Looking at Obama’s comment in context, I think that we can say with a relative degree of confidence that it was not founded in any real sexist attitude: Obama is notoriously passionate about gender equality, particularly in the work place. A prominent example of his drive towards absolute gender equality is his signature of the Lilly Ledbetter Fair Pay Act, a bill which other major US politicians, mentioning no (Mitt Romney) names, openly state they would not have signed had they been in Obama’s position. In light of this, perhaps it’s easy to mindlessly leap to the same conclusion as democrat and former Governor of New Mexico ,Bill Richardson, when he says “maybe i’m a Neanderthal, but I thought the comment was harmless… political correctness has reached a point where it’s out of control.”
Well, Bill Richardson,you seem to have hit that nail right on it’s head. I think you probably are, as you so fittingly put it, ‘a Neanderthal.’ Here, whether Obama intended his comment about Ms. Harris to be a sexist jibe or not becomes void. The truth of it is, in commenting on the US attorney general’s appearance and relative attractiveness specifically as a female, the comment automatically becomes sexist, working on a far broader scale than it was intended in highlighting the ongoing struggle women still face in the work place. Obama calls Ms. Harris “brilliant, dedicated and tough”; all highly valued qualities in a US attorney general. However, by going on to say that she also happens to be the ‘best looking attorney general’ in the country, Obama essentially strips Harris’ brilliance, dedication and toughness of its’ value.
In the aftermath or this comment, Obama stated that in no way did he mean to “diminish the attorney general’s professional accomplishments”, but in listing her good looks in a way that causes them to seem of equal importance to her real “professional accomplishments” this is exactly what he is doing. The same kind of inane view expressed by Bill Richardson is shared by Gretchen Carlson of Fox news, who wishes that we “wouldn’t be so constantly PC on the issue because it’s true, she’s attractive, so what?’ The thing is, Gretchen, women have fought long and hard to be judged on the same criteria as men. To be judged on their intelligence and drive, not by their appearance or merely as an attractive ornament in an often male dominated and orientated workplace. In being “brillant, dedicated and tough”, Kamala Harris is being judged against a backdrop of power and intelligence. However, in being ‘the best looking attorney general in the country’ she is being judged against a backdrop of appearance and beauty. A setting which you simply would not find any male of the same profession being judged within.

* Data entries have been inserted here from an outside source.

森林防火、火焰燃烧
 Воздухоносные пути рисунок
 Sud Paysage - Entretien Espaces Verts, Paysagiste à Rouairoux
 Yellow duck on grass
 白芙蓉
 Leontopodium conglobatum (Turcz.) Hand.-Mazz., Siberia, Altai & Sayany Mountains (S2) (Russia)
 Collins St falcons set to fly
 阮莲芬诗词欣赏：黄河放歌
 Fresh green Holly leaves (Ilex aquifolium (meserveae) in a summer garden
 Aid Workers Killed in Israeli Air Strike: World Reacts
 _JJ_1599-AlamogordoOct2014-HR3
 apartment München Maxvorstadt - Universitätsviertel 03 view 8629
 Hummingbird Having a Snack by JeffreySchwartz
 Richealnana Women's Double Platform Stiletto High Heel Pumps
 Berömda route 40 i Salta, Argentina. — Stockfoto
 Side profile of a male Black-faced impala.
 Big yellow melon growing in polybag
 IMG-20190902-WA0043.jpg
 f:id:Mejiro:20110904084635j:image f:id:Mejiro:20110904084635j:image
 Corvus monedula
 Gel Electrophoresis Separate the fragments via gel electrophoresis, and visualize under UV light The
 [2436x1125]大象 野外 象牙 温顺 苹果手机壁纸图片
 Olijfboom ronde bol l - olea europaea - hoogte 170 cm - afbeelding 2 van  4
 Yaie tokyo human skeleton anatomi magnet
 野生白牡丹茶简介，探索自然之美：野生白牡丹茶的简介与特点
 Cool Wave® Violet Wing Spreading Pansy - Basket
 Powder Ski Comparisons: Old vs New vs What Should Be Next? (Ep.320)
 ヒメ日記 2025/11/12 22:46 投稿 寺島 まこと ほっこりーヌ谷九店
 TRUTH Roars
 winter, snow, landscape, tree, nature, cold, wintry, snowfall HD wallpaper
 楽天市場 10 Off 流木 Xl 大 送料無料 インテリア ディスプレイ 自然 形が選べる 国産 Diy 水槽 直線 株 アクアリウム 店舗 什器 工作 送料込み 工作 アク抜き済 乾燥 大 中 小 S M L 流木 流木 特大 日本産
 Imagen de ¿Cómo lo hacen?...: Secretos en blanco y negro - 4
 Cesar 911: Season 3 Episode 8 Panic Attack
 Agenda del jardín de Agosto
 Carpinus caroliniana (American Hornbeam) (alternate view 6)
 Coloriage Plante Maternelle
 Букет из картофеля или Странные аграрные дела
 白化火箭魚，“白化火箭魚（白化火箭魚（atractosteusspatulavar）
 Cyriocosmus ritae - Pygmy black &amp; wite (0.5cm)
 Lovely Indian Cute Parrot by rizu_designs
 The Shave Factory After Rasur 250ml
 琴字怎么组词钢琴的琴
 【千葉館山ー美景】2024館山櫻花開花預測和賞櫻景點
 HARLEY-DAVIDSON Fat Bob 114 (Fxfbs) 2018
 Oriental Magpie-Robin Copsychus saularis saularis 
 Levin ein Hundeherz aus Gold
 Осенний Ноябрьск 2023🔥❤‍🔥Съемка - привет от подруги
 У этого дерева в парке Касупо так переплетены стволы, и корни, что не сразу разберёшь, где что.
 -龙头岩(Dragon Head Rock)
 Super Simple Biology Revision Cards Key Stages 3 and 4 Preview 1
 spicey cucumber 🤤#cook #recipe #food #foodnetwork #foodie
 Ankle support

I don’t know Barack Obama on a personal level, but I reckon that he is almost definitely not a bigoted sexist on a mission to objectify women, and by no means am I trying to construct him as one. Nor am I suggesting that every time a male pays a female a comment there ought to be uproar. If the president wants to tell the attorney general en route to an event that her hair looks great, that’s OK. The issue here is that Obama made this comment in a professional environment, and it is not OK to comment on Ms Harris’ appearance with regards to her success as attorney general, because in this professional environment appearance based on gender should not feature as a merit.